Attorney General and Minister of Justice, Senator A.J. Nicholson, who piloted the Bill, said the intention was to circulate proposed amendments to various women’s groups, churches and other concerned parties and allow time for consideration of the contents.
He, however, maintained that there was no need to refer the Bill to a joint select committee of both Houses as was suggested by Opposition Senator, Anthony Johnson during past debates.
Senator Nicholson said the Bill, which places equal obligations on spouses to maintain each other, on parents to maintain their children and on persons to maintain their parents and grandparents, “placed family life and interaction in Jamaica on a higher level of a modern and civilized construct”.
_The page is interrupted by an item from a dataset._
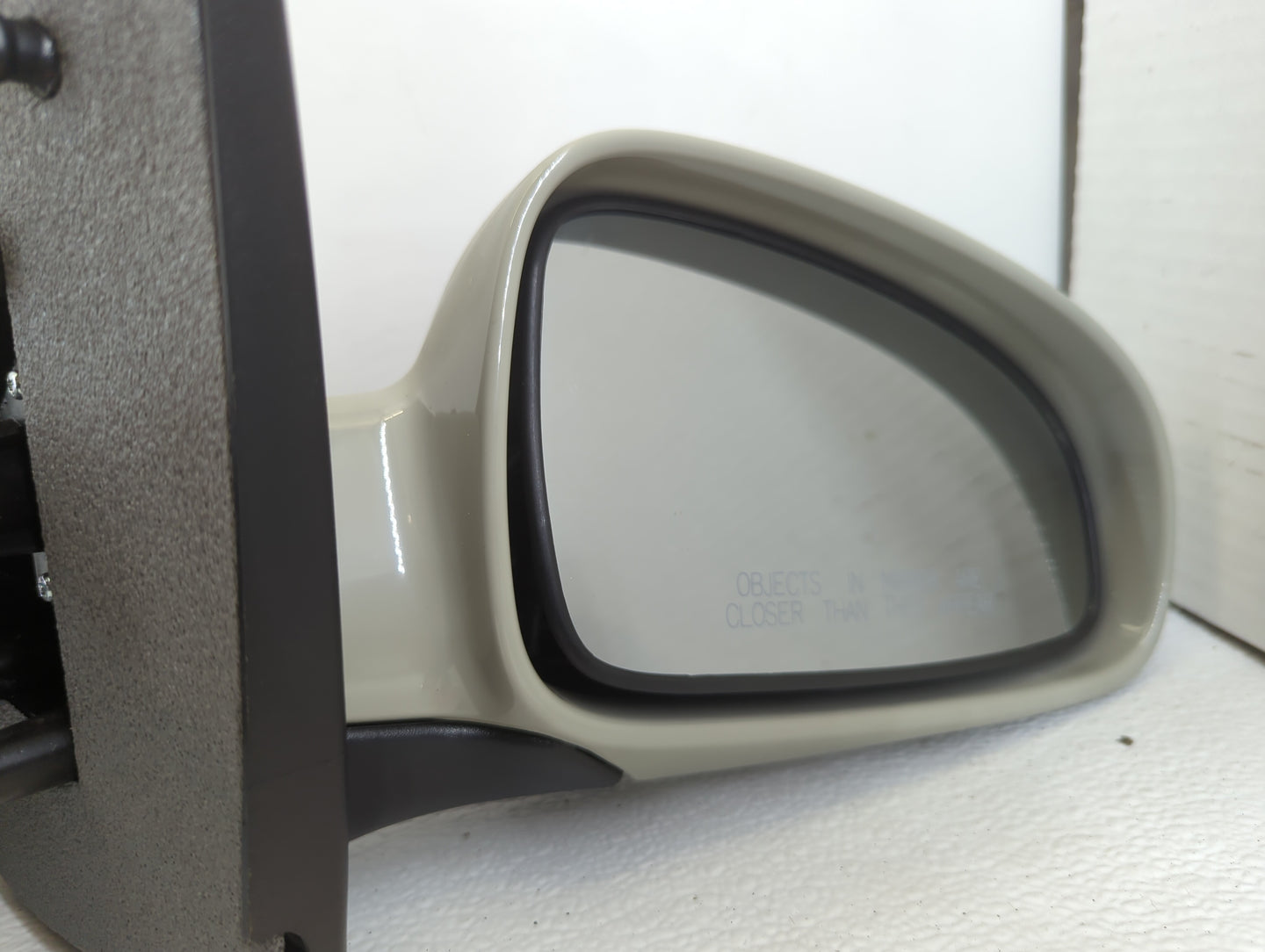 2005-2006 Chevrolet Aveo Passenger Side View Mirror - Right Door Mirror OEM Used - Oemusedautoparts1.com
According to the Attorney General, the changes proposed by the legislation were necessary, as marriage was now viewed more as a partnership of equals than as a relationship in which the wife was the dependent partner. Accordingly, he noted that modern legislation has moved away from the traditional approach with regard to maintenance, to one which recognized the mutual maintenance rights of a husband and wife on the basis of need.
Meanwhile, on the matter of the “reports of plans by some men” to live with women up to the better part of four years and then deliberately break off the relationship to escape obligations, the Attorney General warned that “the Courts will hold that they have lived together continuously and apply the five-year rule”.
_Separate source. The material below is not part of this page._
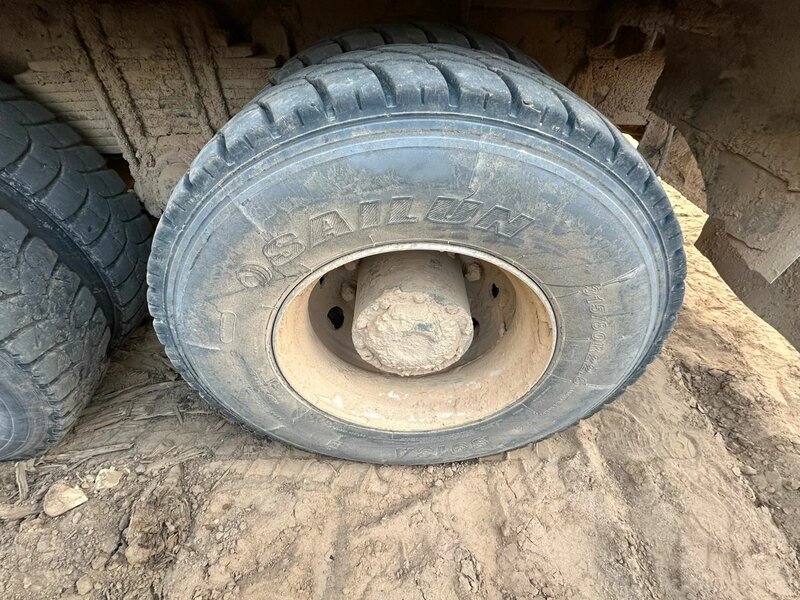 Shacman (Shaanxi) SX 8x4 Самосвал — фото 10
“They will do it.the Court is going to hold that it was not broken,” Senator Nicholson stressed.Under the Act, “spouse” has been defined to include a single man and woman who have lived and cohabited with each other as if they were, in law, husband and wife, for a period of not less than five years.
In the meantime, he said the Family Law committee shared the view which stated that the whole basis of maintenance rights and obligations needed to be changed to confer equal status on a husband and wife was shared. The report also states that maintenance should not be automatic but should be determined on the basis of financial need and liability.
Senator Nicholson said the Bill completed the circle which began in 1975 with the passage of the Status of Children Act, amendments to the Intestates’ Estates and Property Charges Act in 1988, the recent passage of the Child Care and Protection Act, the Property (Rights of Spouses) Act and the Inheritance Act which, he said, all spoke to the enhancement of family life in the country, with the welfare of children as the paramount goal.
The Attorney General also informed that the proposed amendments made by Senator Dorothy Lightbourne in a past debate had been taken on board.
At the time, Senator Lightbourne said while she was in support of the legislation, there needed to be provision in the legislation for the Court to look at the situations under which persons were granted maintenance. She said if left untended, it “opened up avenues for unscrupulous persons” to “deliberately” break up relationships to make claims under the Act.
Furthermore, she pointed out that discretion was also to be exercised when making orders for maintenance claims by parents, since equity in this matter would be dependent on the question of whether the parent had supported the individual in the past, had been abusive or was an absentee parent. She further recommended that the Family Court have more hearings in Chamber, as it was embarrassing to have family matters aired in public, especially when children were involved.
In the meantime, a decision as to when debate on the matter is to conclude is to be taken by Leader of Government Business in the Senate, Senator Burchell Whiteman and Leader of Opposition Business, Senator Anthony Johnson.